The nose hangar was taken down four years ago as a safety measure.
The ex-hangar location will ensure that aircraft rescue firefighters have “the very best view of the airfield and the fastest access to all aircraft in active aircraft movement areas,” according to Emily Jacobs, airport program director.
The new building will house a state-of-the-art Oshkosh Striker ACV fire rescue vehicle. The airport took delivery in 2009 at a cost of about $1 million.
Jacobs said Saturday that the nearly $6 million in financing under the FAA’s Airport Improvement Program marks the culmination of a 12-year modernization project.
“Hopefully, construction will start sometime this fall,” she said in a telephone interview. “The grant will cover the entire cost. As excavation starts, new underground electrical vaults will be installed” in front of the new building.
The local grant is part of $151.1 million in airport infrastructure financing awarded to 66 airports across 35 states.
An FAA communiqué said the money also funds runways, taxiways and airport signage, lighting and markings.
In that connection, the new aircraft rescue building will be followed by an $11 million upgrade to the airport’s runway lighting, Jacobs said. “The money is in the pipeline but we’re still waiting on that, pending completion of the fire hall.”
The Striker rescue vehicle, which Jacobs described as “bright neon yellow-green” in color, protects up to six crew members when they are summoned to an aircraft fire. It is equipped with high tech infrared camera screens that enable rescuers to pinpoint the exact source of the heat in an aircraft blaze.
The vehicle’s hoses are rigged with titanium piercing nozzles so that they won’t melt in the intense heat inside a burning fuselage.
“The cameras detect the hottest points of a fire, allowing precision targeting,” Jacobs explained.

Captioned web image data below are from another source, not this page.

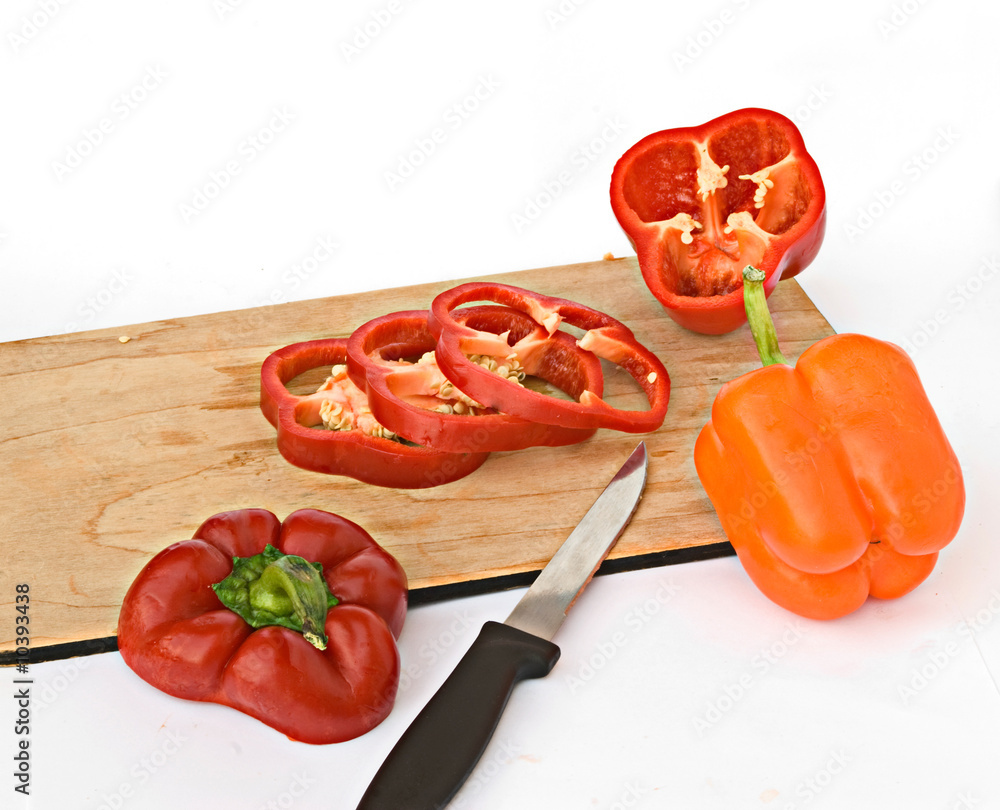 Sweet peppers being chopped on a wooden broad Sweet peppers being chopped on a wooden broad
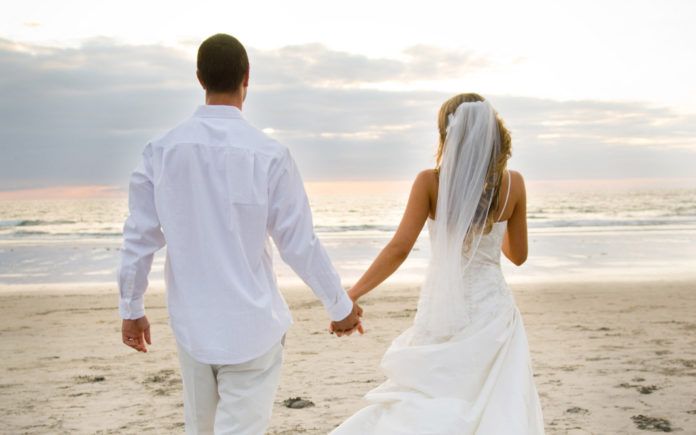 Para nowożeńców spacerująca plażą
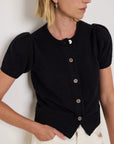 Woman wearing a black short-sleeve cardigan with buttons against a white background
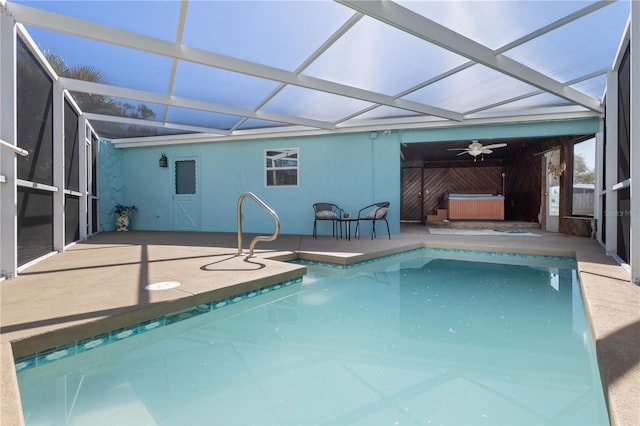 outdoor pool featuring a lanai, a hot tub, ceiling fan, and a patio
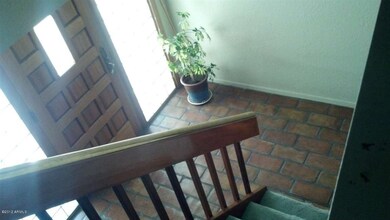 Looking down the stairwell towards entry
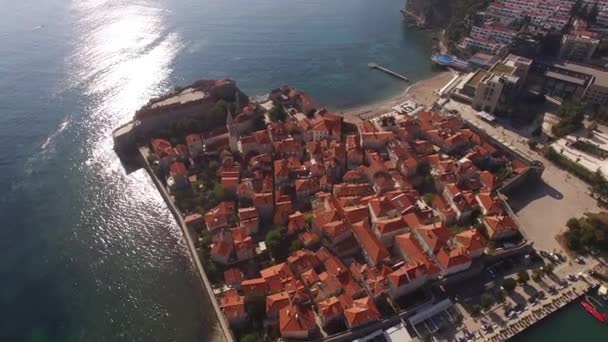 Cidade velha de Budva em uma península com espreguiçadeiras nas praias. Drone. — Vídeo de Stock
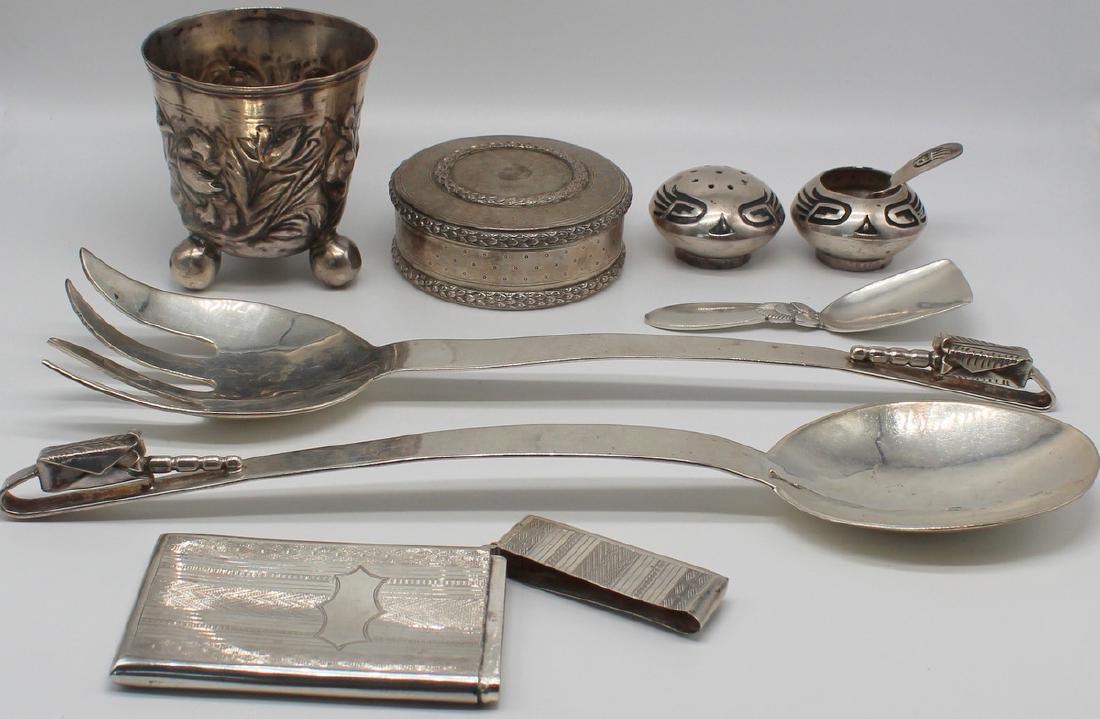 SILVER. Misc. Silver Grouping Inc. Jensen.: Includes a 2 pc. Jose Marmolejos Mexican sterling salad serving set; antique German silver cup with floral repousse work and three ball feet - with city stamp of Nuremburg, pictorial hallmark, and uni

“The crew can also operate the Striker with a joystick and fight the fire all by remote from inside the vehicle, which has tons of chemicals. The Striker has a water skirt to protect its exterior during a fire.”
Jacobs called the vehicle “the highest technology fire truck on the face of the earth.”
In an aside, the program director extended an invitation to everyone in the community – “classes, schools, charter schools, children’s groups, special needs persons” – to tour the airport.
“We have a very exciting, cutting-edge operation and one of our favorite things to do is to host field trips and show the community our whole operation,” Jacobs said. “Field trips are tailored to all the different groups.”